Carbon dioxide emissions from fuel burnt by fishing boats are 30 per cent higher than previously reported, researchers with the Sea Around Us initiative at the University of British Columbia and the Sea Around Us – Indian Ocean at the University of Western Australia have found.
In a study published in Marine Policy, the scientists show that 207-million tonnes of CO2 were released into the atmosphere by marine fishing vessels in 2016 alone. This is almost the same amount of CO2 emitted by 51 coal-fired power plants in the same timeframe.
“The marine fishing industry relies heavily on the use of fossil fuel and its role in global greenhouse gas emissions has been largely ignored from a policy or management perspective,” said Krista Greer, lead author of the study and a researcher with the Sea Around Us at UBC. “Until now, the most comprehensive study of carbon dioxide emissions from fishing suggested that in 2011, fisheries released 112-million tonnes of CO2 per year from the combustion of fuel during fishing.”
The previous data suggested fisheries contributed to only 0.29 per cent of global CO2 emissions, while the new study indicates that their contribution is almost twice that amount. The higher values are largely due to the UBC-UWA research considering regional differences in fuel use based on fishing effort and the amount of fuel used to catch 30-million tonnes of fish that were not reported in 2016.

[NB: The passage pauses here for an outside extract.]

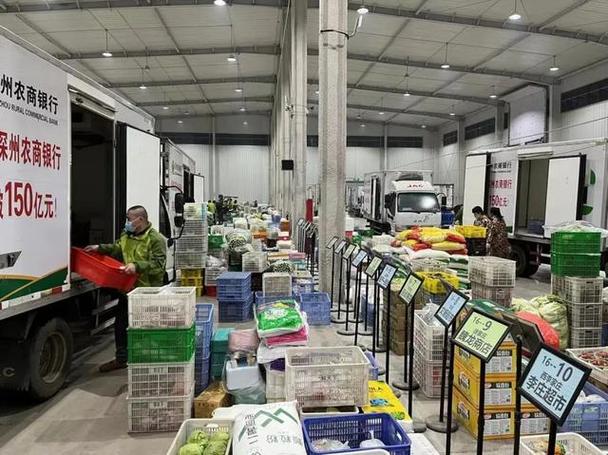 車水馬龍里的溫情——食品配送一線的觀察與思考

Greer and her colleagues used the Sea Around Us‘ global catch and fishing effort database to calculate the amount of carbon dioxide emitted by each boat operating in each country’s different fishing sectors and the amount of CO2 emitted per tonne of each fish those boats catch, also known as emissions intensity.

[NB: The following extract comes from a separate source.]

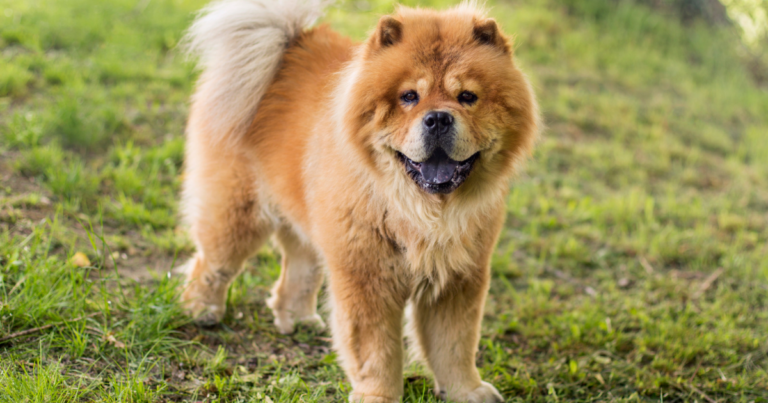 Sess O Fofura Do Dia Top Ra As De Cachorro Mais Fofas Do Mundo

“We found that global emissions intensity for 2016, on average, was 1.88 tonnes of carbon dioxide, compared to 1.5 tonnes in 1950. This is despite the fact that marine catches have been declining since the mid-1990s,” said Greer. “The emissions intensity of small-scale, artisanal and subsistence fleets has increased the most over the time period in terms of magnitude, but the industrial sector continues to be the greatest contributor to overall emissions.”
In their analysis, the researchers also found that the emissions intensity started to grow in the 1980s.
“Small-scale fisheries caught up with the industrial sector because artisanal and subsistence fishers began installing gasoline-powered engines on their boats,” said Dirk Zeller, co-author of the study and leader of the Sea Around Us – Indian Ocean at the University of Western Australia. “This means that there’s a need to think of emission reduction strategies, such as switching to small diesel-powered engines in small-scale fisheries.”
According to Zeller, industrial fisheries also need to do their part by reducing their fishing effort, which is currently three to four times what it should be in order to be sustainable. This would not only allow for a reduction in CO2 emissions by industrial fleets but would foster the recovery of declining fish populations.